From: Addison Phillips [GSC] (addison@globalsight.com)
Date: Fri Apr 14 2000 - 12:22:34 EDT


Hi Antoine,

> > I wrote:
> > The fact that the browser can correctly decode the UTF-8 is not at
issue. The
> > problem is that IE4 and NN4 allow only one font to be associated with
the UTF-8
> > encoding (in the user interface)... and the default is a Latin-1 font.
>
> Antoine wrote:
> Well, this is perhaps the case for Macintosh and Unices, but I do not
agree
> with you about Windows boxes.
>
> The default configuration defers to Times New Roman and Courier New, and
both
> fonts exist in two "forms", a small (default with Win9X) that only
supports
> Latin-1, and a bigger (NT default? forced installed with the Euro upgrade
on 9X)
> that does support Latin-2, Cyrillic and quite some more things.

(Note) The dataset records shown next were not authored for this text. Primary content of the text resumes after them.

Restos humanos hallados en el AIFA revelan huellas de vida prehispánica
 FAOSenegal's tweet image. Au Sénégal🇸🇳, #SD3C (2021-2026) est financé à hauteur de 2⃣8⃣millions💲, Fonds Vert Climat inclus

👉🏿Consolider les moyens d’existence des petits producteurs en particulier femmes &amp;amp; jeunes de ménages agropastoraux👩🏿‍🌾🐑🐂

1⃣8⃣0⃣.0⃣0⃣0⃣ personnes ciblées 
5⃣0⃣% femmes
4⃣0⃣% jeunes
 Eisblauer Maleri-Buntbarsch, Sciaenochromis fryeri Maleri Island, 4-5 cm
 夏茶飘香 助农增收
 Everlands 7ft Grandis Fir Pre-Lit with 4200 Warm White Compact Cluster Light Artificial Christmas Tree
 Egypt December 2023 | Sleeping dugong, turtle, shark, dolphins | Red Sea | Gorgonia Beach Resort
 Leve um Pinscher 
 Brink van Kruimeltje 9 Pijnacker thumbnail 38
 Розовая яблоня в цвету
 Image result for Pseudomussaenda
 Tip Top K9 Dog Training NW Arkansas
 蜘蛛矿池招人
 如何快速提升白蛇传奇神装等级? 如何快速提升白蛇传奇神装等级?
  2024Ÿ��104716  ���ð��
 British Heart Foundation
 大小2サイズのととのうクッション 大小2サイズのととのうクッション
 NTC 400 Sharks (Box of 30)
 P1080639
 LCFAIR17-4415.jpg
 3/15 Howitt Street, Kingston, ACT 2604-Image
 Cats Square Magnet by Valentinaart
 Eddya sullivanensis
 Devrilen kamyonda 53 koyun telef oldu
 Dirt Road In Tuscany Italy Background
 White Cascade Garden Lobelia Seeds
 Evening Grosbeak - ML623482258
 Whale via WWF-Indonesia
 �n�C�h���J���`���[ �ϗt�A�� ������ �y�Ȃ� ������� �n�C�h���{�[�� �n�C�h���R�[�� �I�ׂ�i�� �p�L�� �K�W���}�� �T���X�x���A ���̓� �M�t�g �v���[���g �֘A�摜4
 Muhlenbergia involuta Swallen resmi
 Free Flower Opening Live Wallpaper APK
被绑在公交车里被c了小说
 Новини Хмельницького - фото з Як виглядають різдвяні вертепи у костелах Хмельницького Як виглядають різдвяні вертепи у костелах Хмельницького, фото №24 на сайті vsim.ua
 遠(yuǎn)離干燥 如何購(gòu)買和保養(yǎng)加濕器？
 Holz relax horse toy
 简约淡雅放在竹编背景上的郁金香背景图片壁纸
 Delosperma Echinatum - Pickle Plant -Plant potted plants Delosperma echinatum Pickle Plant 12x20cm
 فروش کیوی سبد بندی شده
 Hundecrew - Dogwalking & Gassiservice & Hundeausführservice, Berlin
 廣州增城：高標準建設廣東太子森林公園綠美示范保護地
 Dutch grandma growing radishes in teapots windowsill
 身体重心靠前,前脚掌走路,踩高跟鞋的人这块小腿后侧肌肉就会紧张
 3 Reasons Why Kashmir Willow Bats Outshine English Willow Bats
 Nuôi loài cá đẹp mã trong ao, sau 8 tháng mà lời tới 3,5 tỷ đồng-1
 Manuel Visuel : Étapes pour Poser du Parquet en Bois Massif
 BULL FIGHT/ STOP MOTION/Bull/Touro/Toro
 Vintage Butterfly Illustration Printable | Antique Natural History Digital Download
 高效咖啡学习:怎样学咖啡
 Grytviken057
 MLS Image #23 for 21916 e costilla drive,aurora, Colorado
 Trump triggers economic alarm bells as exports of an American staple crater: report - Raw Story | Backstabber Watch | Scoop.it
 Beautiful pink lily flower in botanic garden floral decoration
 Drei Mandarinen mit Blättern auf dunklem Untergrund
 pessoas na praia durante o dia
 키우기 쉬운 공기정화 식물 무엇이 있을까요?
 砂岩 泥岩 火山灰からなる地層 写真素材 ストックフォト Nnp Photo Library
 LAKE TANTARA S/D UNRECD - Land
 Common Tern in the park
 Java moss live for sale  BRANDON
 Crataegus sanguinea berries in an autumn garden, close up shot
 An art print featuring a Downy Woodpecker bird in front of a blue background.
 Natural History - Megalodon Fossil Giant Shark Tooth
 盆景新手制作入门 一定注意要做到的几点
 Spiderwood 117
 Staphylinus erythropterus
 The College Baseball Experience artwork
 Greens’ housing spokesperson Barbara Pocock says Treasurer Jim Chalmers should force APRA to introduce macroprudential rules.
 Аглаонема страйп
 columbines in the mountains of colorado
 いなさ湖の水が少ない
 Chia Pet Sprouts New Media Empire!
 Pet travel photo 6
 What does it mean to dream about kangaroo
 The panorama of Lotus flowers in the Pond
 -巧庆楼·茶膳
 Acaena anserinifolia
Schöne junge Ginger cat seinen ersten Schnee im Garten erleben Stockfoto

I did oversimplify the case for Windows, as you point out, but these
additional copies of TNR and Courier do not get you complete support for the
characters encoded by UTF8. And it depends which Windows you mean as to
which fonts are installed by default.

>
> > My speculated Polish-Japanese page contains a few "black squares" in the
> > Polish and all black squares in the Japanese.
>
> This is agreed about Japanese (and I do not know any solution short of
> Cyberbit or Arial Unicode).
>
> However, I do not agree about Polish (or Russian): I expect any reader of
such
> a page to have installed the "multilingual setup", which means that s/he
have
> the big versions of the fonts installed. And then, s/he can read Polish
> or Russian character without any problem.

The "multilingual setup" is not installed by default and most users don't
know about it, I suspect. I often, for example, view Polish or Russian pages
using a wide variety of machines, and most default IE4 and NN4 setups cannot
display these pages correctly without "little black squares"... and, unless
you're running on a machine in the language in question, it's usually a
several step process to install such support.

This is fine for me: it's what I do, after all. But when advising people
about what encoding to use to serve their pages, especially Asian language
pages, I still recommend delivering a native encoding because of limited
browser support for Unicode. As I said before, I think this is changing and
I expect that in the next year or thereabouts I will be able to recommend
otherwise (I'm already designing systems that serve UTF-8 to certain
browsers and native encodings to others). But it is not my experience that a
high percentage of machines work correctly with UTF-8 text outside the
Latin-1 encoding, as installed (not to say that you can't make it work).